SANA'A- Oct. 8- A number of Yemeni detainees in Guantanamo Bay including Abdussalam al-Hilah and another 30 detainees with different nationalities are continuing their hunger strike from last december.

The 26 September Newspaper said that half of the hunger strikers suffer from bad health and now they are fed through pipes, and the U.S. Administration summoned a number of civil physicians to treat the strikers.

The sources added that Abdussalam al-Hilah, one of the Yemeni detainees has become very thin after he took part along with another 200 detainees in a hunger strike in protest against their mistreatment and their detention without legal justification.

Sources close to Abdussalam revealed that the U.S. authorities attempted more than once to attract al-Hilah to cooperate and work with them in Yemen under the advocacy of human rights.

Some U.S. attorneys have visited Sana'a recently and met with relatives of Guantanamo detainees. When they returned home, they carried with them letters to the detainees from their relatives.

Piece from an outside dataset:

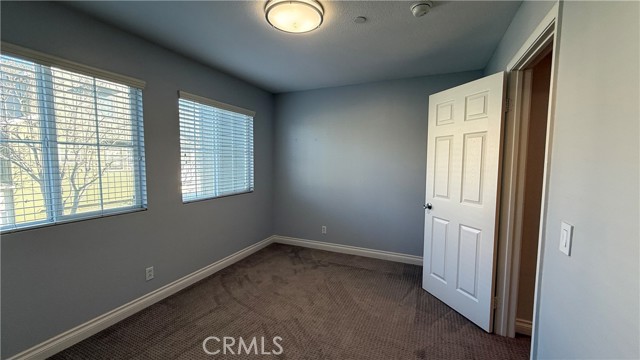 Image 18 of 47 For 31 Quartz Lane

Al-Hilah's family confirmed that Abdussalam agreed with higher authorities to be responsible for the supervision of deporting some extremists and Arab Afghans from the Yemeni territory.

The U.S. attorneys called for an official letter from the Yemeni Government stating that al-Hilah was working with it, but their request was rejected, said reliable sources.

A high ranking security source disclosed in the middle of last August that there was a dispute between the U.S. and Yemen over the extradition of a number of Yemenis who, counted by fingers, are detained by the U.S. authorities.

The Amnesty International urged the U.S. Administration to withdraw from all its demands forwarded to the Yemeni Government and other government concerning the continuity of detaining any person.

The Amnesty International accused Yemen and the U.S. of maltreating three Yemeni nationals who have been transferred recently from Guantanamo Bay in Cuba to Yemen, and under security preservations, they victims are landed in prisons in Sana'a, Aden, Taiz and al-Mahrah.

Several detainees including Walid al-Qadasi Mohamed Faraj Ba Shumaila, Salah Salim, Mohamed Salim al-Asad were handed over to Yemen over the last few months.

This year, a Yemeni committee made up of security leaders paid two visits to Guantanamo Bay for verifying identities of Yemeni detainees.

During its last visit, the committee got acquainted with 86 Yemeni nationals out of 110 people on the U.S. list of terrorists, however the committee found that four of them have no Yemeni citizenship.